The day Barack Obama was inaugurated revealed many things about the US. The joy Americans take in their civic events was brought home by the Washington subway announcer who suggested the passengers on our crowded train should “rub up against each other: a little rubbin’ never hurt no one”.
The raucous capitalism of the memorabilia hawkers suggested the free market is not finished and that Barack Obama is good for business. The continuing visceral anger at George W. Bush was evident in the boo that echoed around the National Mall when he was introduced and the cheer that erupted when the presidential helicopter ascended to start his journey home to Texas. The darker implications of elected office in the US were reflected in the bulletproof glass (or transparent armour, to use Secret Service speak) wrapped around the podium, not to mention the 20cm thick doors of the new President’s limousine and the bullet-resistant clothing on his back.
Most importantly, of course, the inauguration of a black man on the gleaming white steps of the US Capitol, a building raised by slaves, reminded us of the country’s ability to confound its critics and surprise even its most ardent friends. Until recently, it was the received wisdom, in Australia as well as the US, that the country was not ready to elect an African-American to its highest office.
That view badly misjudged and underestimated the American people. It is not just its great wealth and military power that drives the world’s fascination with the US: it is the idea of America, democratic and meritocratic. The inauguration of Obama played directly to this theme.
Australians are hardly immune from Obamamania. According to the 2008 Lowy Institute poll, we favoured his election over John McCain by a ratio of four or five to one. But if Australians wanted him in the White House, how will we feel the effects? What does Obama mean for Australia? Often we shrink this question down to very narrow dimensions. We fret about a few hot-button policies, such as trade and the perennial issue of personnel: who’s up, who’s down and how well we know them.
Connections are certainly important in the transactional political and diplomatic atmosphere within the Beltway. Personal links are likely to be especially valuable during the next few years: Washington will present the most competitive diplomatic environment since the days of John F. Kennedy’s New Frontier, as all quarters of the globe reach out to the new President and his administration.

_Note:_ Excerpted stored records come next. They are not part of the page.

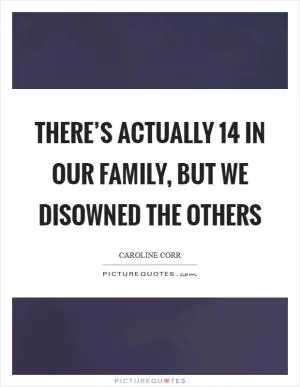 There’s actually 14 in our family, but we disowned the others Picture Quote #1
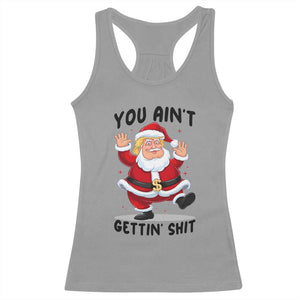 Funny Trump Christmas Racerback Tank Top You Are Not Getting Shit TS14 Sport Gray Print Your Wear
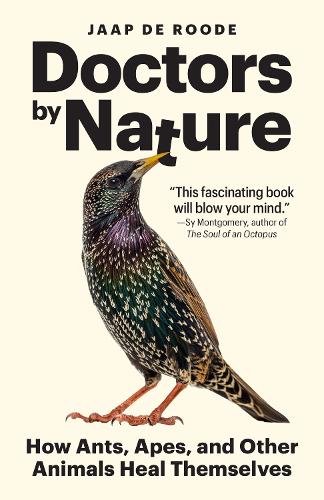 Doctors by Nature: How Ants, Apes, and Other Animals Heal Themselves.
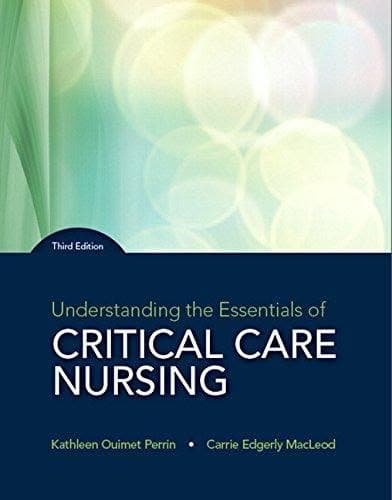Understanding The Essentials Of Critical Care Nursing 3Rd Edition – PDF ebook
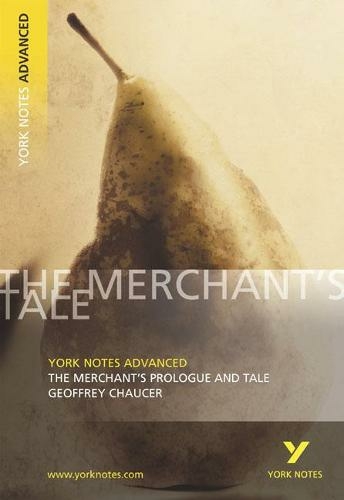 The Merchant's Prologue and Tale: York Notes Advanced everything you need to catch up, study and prepare for and 2023 and 2024 exams and assessments: (York Notes Advanced)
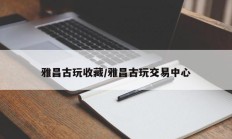 雅昌古玩收藏/雅昌古玩交易中心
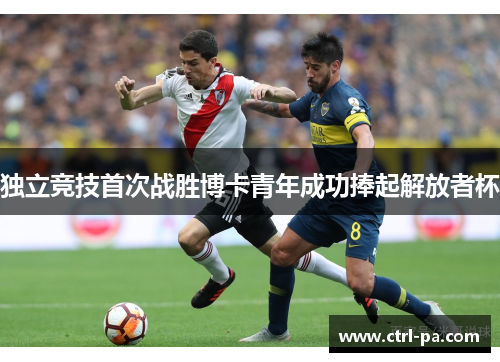 独立竞技首次战胜博卡青年成功捧起解放者杯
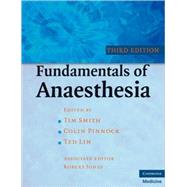 Fundamentals Of Anaesthesia by Edited By Tim Smith, Colin Pinnock, Ted Lin, Edited In Association With Robert Jones, 9780521692496
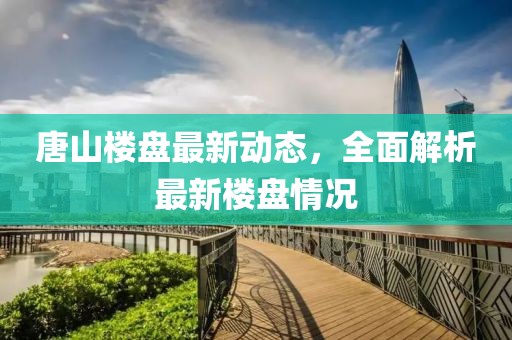 唐山樓盤最新動(dòng)態(tài)，全面解析最新樓盤情況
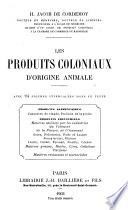 Les produits coloniaux d'origine animale
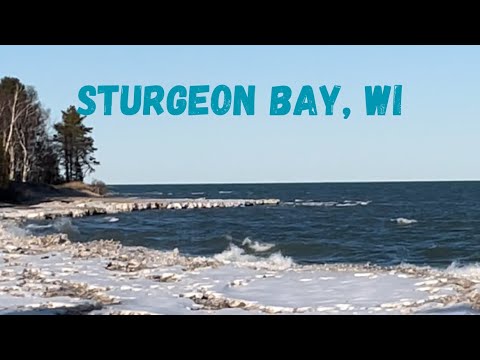 Day Trip//Sturgeon Bay, WI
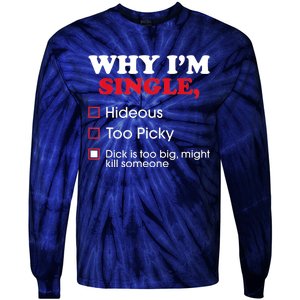 Why Im Single Dick Is Too Big Funny Gift For Singles Tie-Dye Long Sleeve Shirt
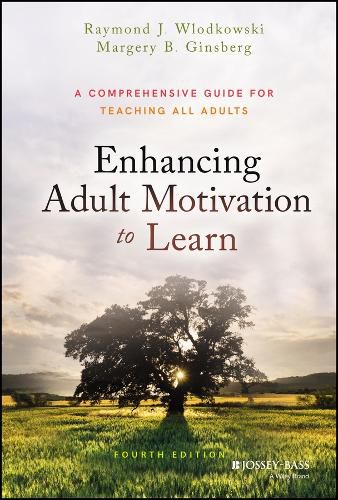 Cover image for Enhancing Adult Motivation to Learn - A Guide for Teaching All Adults, 4th Edition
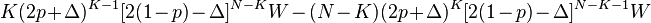  K(2p+\Delta)^{K-1}[2(1-p)-\Delta]^{N-K}W-(N-K)(2p+\Delta)^K[2(1-p)-\Delta]^{N-K-1}W\! 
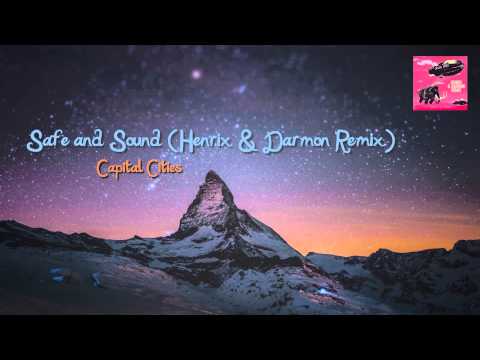Capital Cities - Safe and Sound (Henrix & Darmon Remix)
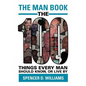 The Man Book: The 100 Things Every Man Should Know, or Live by - Paperback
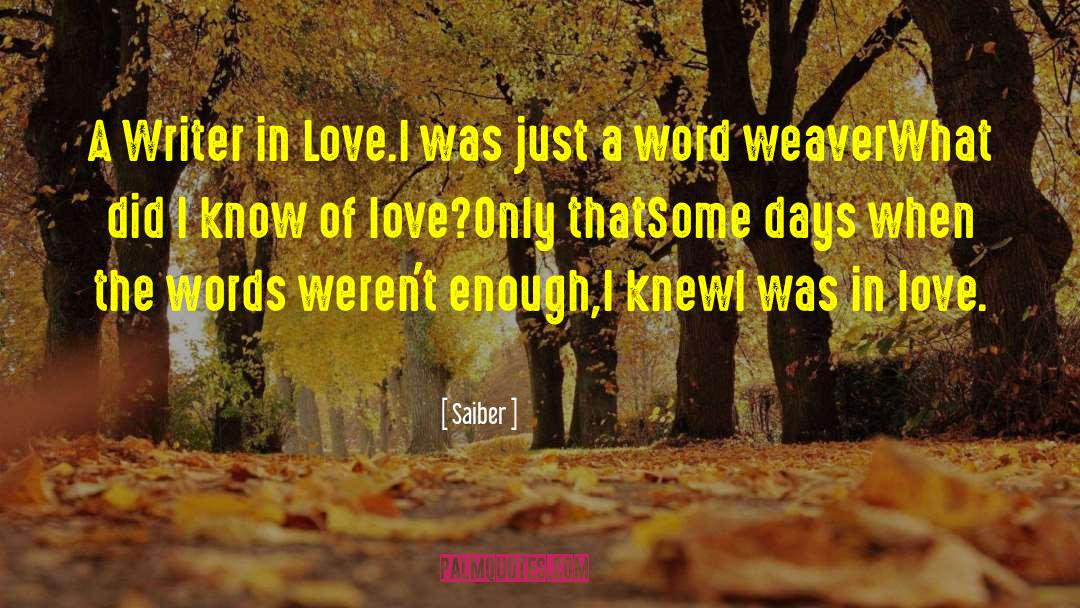 Romantic Words quotes by Saiber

But good ideas are at least as important as oldconnections.
Australia has the potential to influence global debates so long as we take a broad view of our interests, and we have high-quality ideas to contribute. The risk of getting lost in the Washington crush is greater if we play on the margins, focusing only on issues within our immediate purview.
Kevin Rudd has no lack of foreign policy ambition. His instinct is to engage with the Obama administration right across the global agenda from climate change to international financial architecture, and on this point he is correct. The US has a stake in all the great issues of the day. None of the biggest problems facing the world can be solved without the Americans. And because of the closeness of the Australia-US alliance, because our fortunes are, to some degree at least, attached to America’s, we are doubly affected by the decisions it takes.
So to work out what Obama means for Australia, we need to try to divine his global strategy. This is no easy task. Indeed, when it comes to presidents, all predictions are brave. Eight years ago, for instance, candidate Bush promised a “humble” foreign policy. Yet little humility was evident in his actions as president. From his first days in office, he was the Charles Atlas of international relations, kicking sand in the faces of puny Europeans, ripping up multilateral agreements and eventually invading Iraq without the cover of a UN Security Council resolution.
Furthermore, and partly as a consequence of Bush’s mistakes, Obama faces a far more challenging international environment than his predecessor did: bloody conflicts in Iraq and Afghanistan; nuclear programs in Iran and North Korea; persistent terrorist networks; newly assertive US competitors; a broken Middle East peace process; a financial meltdown; a cooling economy and a warming planet. The choices that Obama makes will be important, but so will the constraints within which he makes those choices.
Notwithstanding these caveats, however, we can venture some observations. The claim that Obama will make few changes to US foreign policy already looks shaky. Shortly after his inauguration, he instructed the US military to draw up a plan for the withdrawal of combat troops from Iraq and set in train the closure of the detention facility at Guantanamo Bay. The Obama administration will bring a new approach to Afghanistan, end America’s macabre dance of climate change denial, scepticism and delay, engage directly with US adversaries, interact strategically rather than tactically with the UN,sever Bush’s link between freedom and force and do all this with global goodwill rather than opprobrium.
Will the US decommission its army and adopt a foreign policy that is appropriate for, say, a small Scandinavian country? No. But compared with most historical precedents this is most definitely change we can believe in.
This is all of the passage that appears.